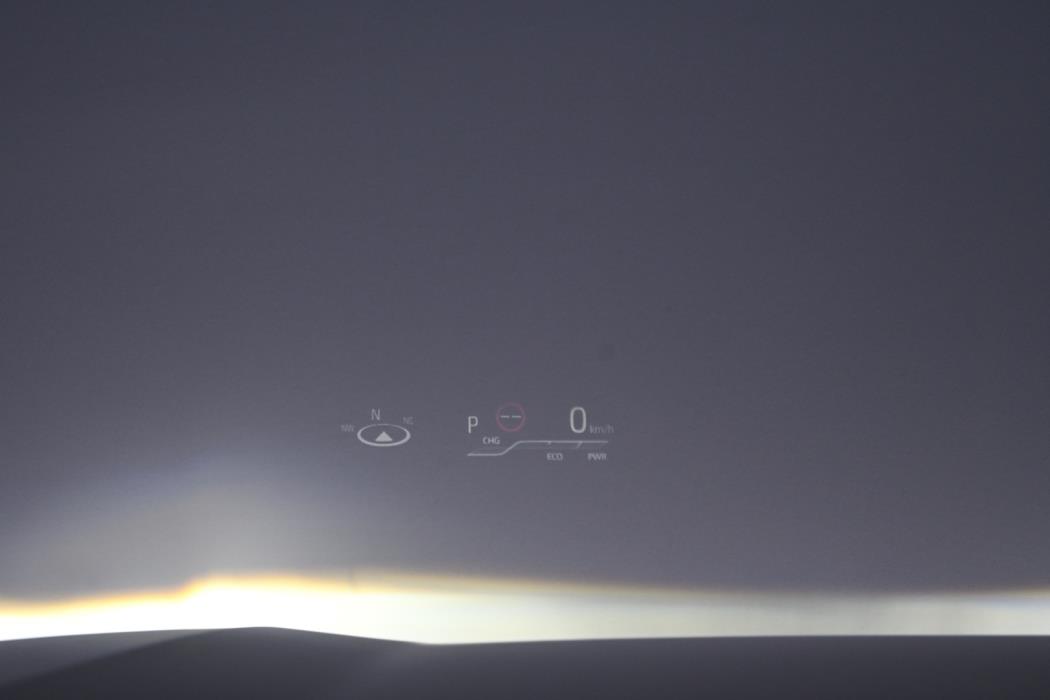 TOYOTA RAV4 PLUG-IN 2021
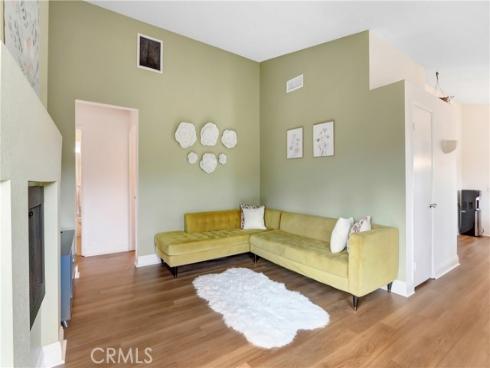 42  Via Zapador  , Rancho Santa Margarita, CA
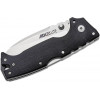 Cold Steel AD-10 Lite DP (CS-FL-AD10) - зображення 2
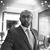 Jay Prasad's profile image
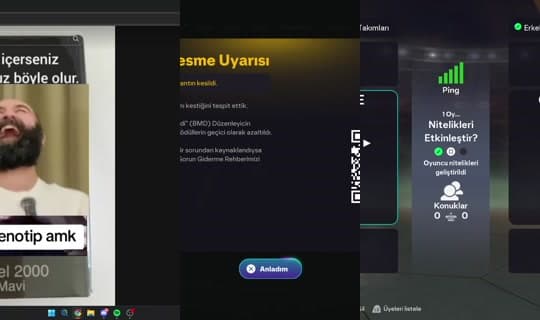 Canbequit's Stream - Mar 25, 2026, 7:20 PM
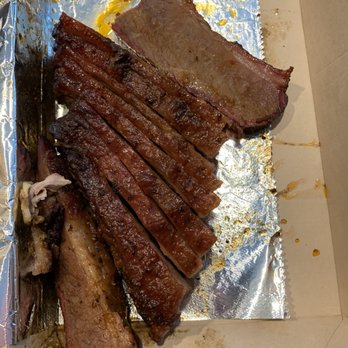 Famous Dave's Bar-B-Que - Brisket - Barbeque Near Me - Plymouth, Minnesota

========

§ **Directions**
Copy all of the records verbatim, omitting the pictures.

§ **Worked solution**
 TOYOTA RAV4 PLUG-IN 2021
 42  Via Zapador  , Rancho Santa Margarita, CA
 Cold Steel AD-10 Lite DP (CS-FL-AD10) - зображення 2
 Jay Prasad's profile image
 Canbequit's Stream - Mar 25, 2026, 7:20 PM
 Famous Dave's Bar-B-Que - Brisket - Barbeque Near Me - Plymouth, Minnesota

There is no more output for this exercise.